(Pictures with short captions)
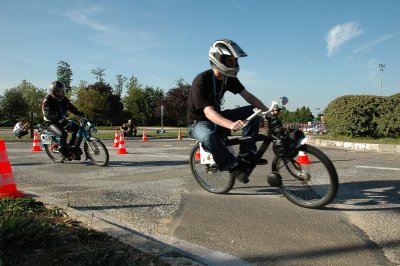 24 H du lent 2010 Img 084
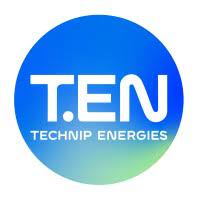 Technip Energies Careers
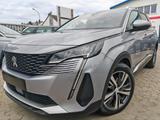 Peugeot 5008 PureTech 130 EAT8 ALLURE AHK 7S TOP #42678 - Peugeot aus 2021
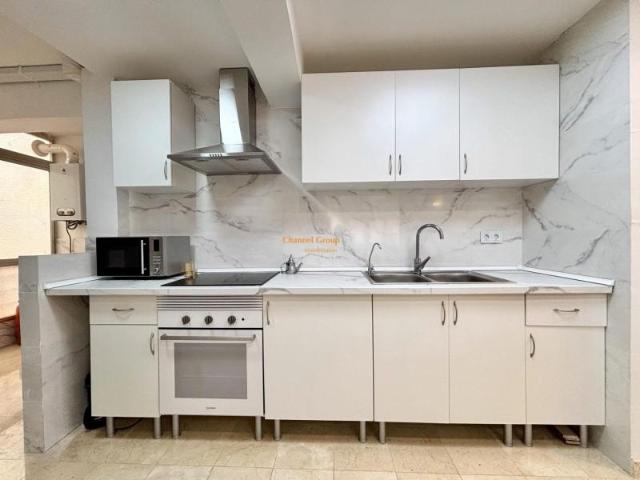 Piso en alquiler en Urbanització Pinar de Guardamar, Guardamar Del Segura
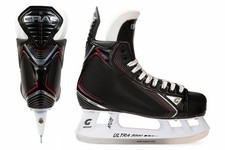 Pattino Peakspeed PK7700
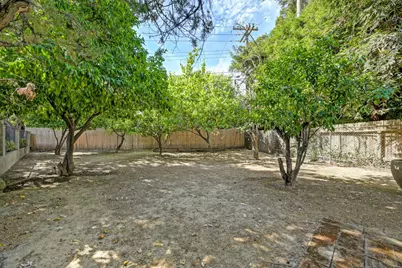 4200 Burrell Way, Sacramento, CA 95864 - Photo 51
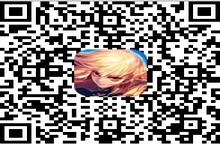 无锁定真3D！《无双剑姬》电脑版<em>连击</em>启动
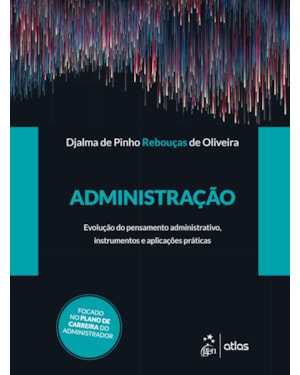 ADMINISTRAÇÃO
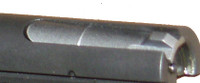 STG Universal Extractor with Spring and Pin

- What the exercise asks
Verbatim copy, images excluded: transcribe all the entries above.

- Answer
 24 H du lent 2010 Img 084
 Technip Energies Careers
 Peugeot 5008 PureTech 130 EAT8 ALLURE AHK 7S TOP #42678 - Peugeot aus 2021
 Piso en alquiler en Urbanització Pinar de Guardamar, Guardamar Del Segura
 Pattino Peakspeed PK7700
 4200 Burrell Way, Sacramento, CA 95864 - Photo 51
 无锁定真3D！《无双剑姬》电脑版<em>连击</em>启动
 ADMINISTRAÇÃO
 STG Universal Extractor with Spring and Pin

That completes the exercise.